Erato (label)

Erato est une maison de disques française fondée en 1953. Elle sera au centre de la vie musicale française durant toute la seconde moitié du XXe siècle, faisant travailler les plus grands musiciens de l'époque, et stimulant la création. Elle disparaîtra en 2001, mais le label sera réutilisé en 2013 à la suite de la fusion Warner/EMI.

Pour les articles homonymes, voir Érato (homonymie).

La création de la firme

Erato, qui porte le nom de la Muse grecque de la poésie lyrique (bien que l'initiale choisie pour le logo soit un sigma et non un E), est créée en par Philippe Loury, petit-gendre (mari de la petite-fille) de Georges Costallat, avec l’enregistrement d’une œuvre alors totalement inconnue à l'époque, le Te Deum H 146 de Marc-Antoine Charpentier.

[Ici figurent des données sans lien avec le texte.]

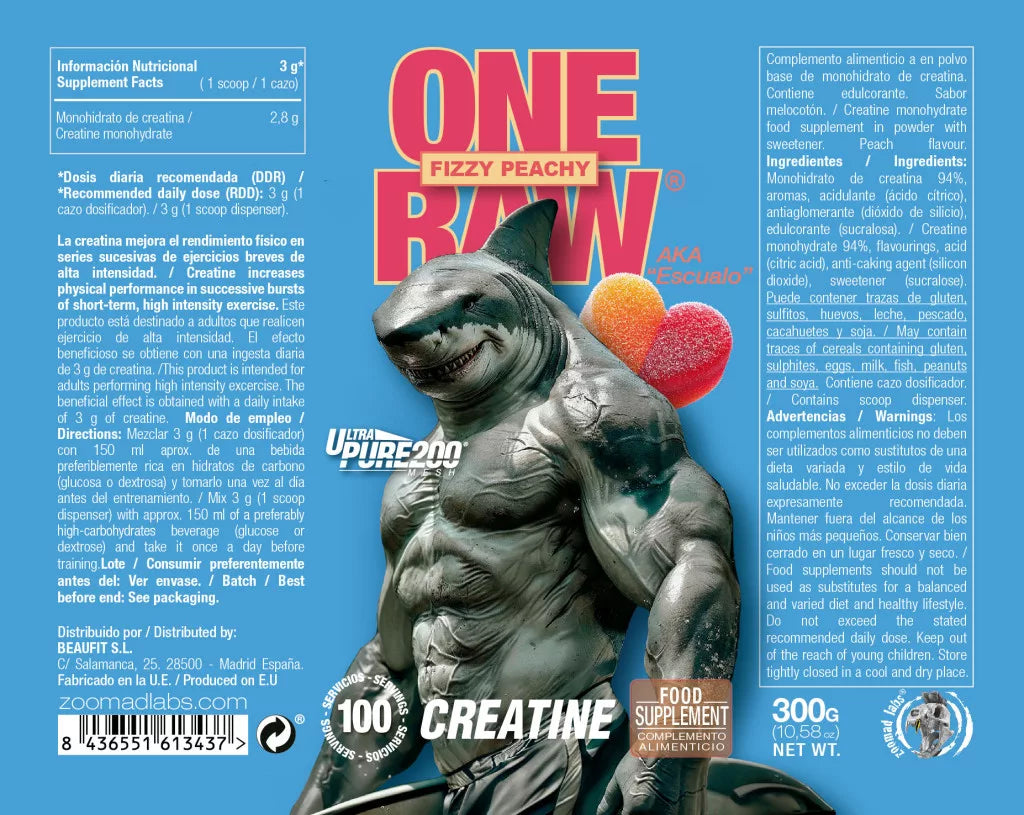 Zoomad Labs One Raw® Creatine (300 g, Fizzy Peachy)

Pensant rééditer ce succès, Philippe Loury engage un jeune étudiant, Michel Garcin, pour produire d'autres enregistrements d'œuvres inconnues du grand public. Mais les moyens financiers étant minimes, Michel Garcin propose en à un camarade de conservatoire Jean-François Paillard d'enregistrer des œuvres françaises du XVIIIe siècle avec le petit ensemble qu'il vient de former.

Le résultat stylistique est une révélation pour le monde des mélomanes. Jean-François Paillard est invité à produire deux autres enregistrements au cours de cette même année 1953, l'un avec son premier violon, Huguette Fernandez, et l'autre avec un jeune trompettiste étudiant au conservatoire, un certain Maurice André.

L'année suivante, c'est la jeune Marie-Claire Alain qui enregistre des œuvres inédites de J.-S. Bach : la firme s'installe rapidement parmi les producteurs de renom.

L'âge d'or

Michel Garcin s’attelle à bâtir rapidement un catalogue profondément original, centré sur la musique baroque et la musique française, un répertoire délaissé par les autres compagnies de l'époque. L'engagement d'artistes exceptionnels, tels Maurice André, Marie-Claire Alain, Jean-Pierre Rampal, Pierre Pierlot, Lily Laskine, Paul Hongne et quelques autres, permet à la firme de gagner une audience bientôt internationale.

Dix ans après la création de la firme, Erato est la maison qui possède le catalogue le plus fourni de l'époque baroque, enregistrant nombre d'œuvres de musique de chambre (avec le Quintette à Vent Français, l'ensemble Baroque de Paris ou le duo Rampal/Veyron-Lacroix), des intégrales pour orgue (J. S. Bach par Marie-Claire Alain), pour clavecin (avec Suzana Ruzickova et Robert Veyron-Lacroix) une multitude de concertos allemands (Bach, Telemann...), italiens (Vivaldi, Torelli...) ou français avec Jean-François Paillard, ou d'œuvres vocales avec Fritz Werner et Stéphane Caillat.

Au milieu des années 1960, l'engagement du Suisse Michel Corboz et de l'Italien Claudio Scimone permet à Erato de gagner en notoriété dans les domaines de la musique vocale, surtout sacrée, avec Charpentier (un grand nombre de Première Mondiales), Monteverdi et de la musique italienne, surtout Vivaldi. Ces oeuvres sont interprétées sur instruments modernes.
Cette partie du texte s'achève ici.